Bunun dışında gerçek sayıların yanında sanal sayılar da vardır. 0 sanal sayı ile gerçek sayılarda ortaktır. Sonsuz da ortaktır.
Kâinat da gerçek ve sanal yerleri içerir. Ruh ve melek sanal mekânda, insan ve cin ise gerçek mekânda yaşar.
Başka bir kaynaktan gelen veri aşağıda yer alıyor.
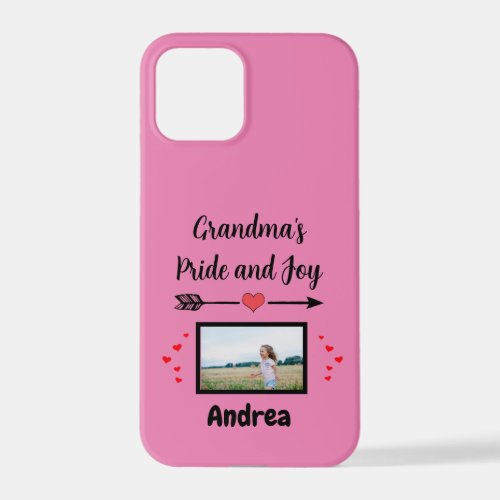 Grandmas Pride and Joy with Hearts Photo and Name iPhone 12 Pro Case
Kesir, eksi, sıfır ve sanal sayıları içeren matematik kendi kendine yeterlidir. Yani dışarıdan yeni bir varlık ithal etmeden ve dışarıya bir şey ihrac etmeden varlığını sürdürür ve düzenini korur. Kâinatta böyledir. Allah kâinatı kendi kendine yeterli olarak var etmiştir. Madde veya enerji ithal etmez veya ihraç etmez. Bunun fizikteki ifadesi, dünyada hiçbir şey yeniden varolmaz ve hiçbir şey de kaybolmaz. Madde ve enerji sakımı kanunu vardır. Ama nasıl biz matematiği beynimizde varediyorsak, Allah da kâinatı bundan on bin yıl önce yeniden varetmiştir. Yoktan varetmiştir.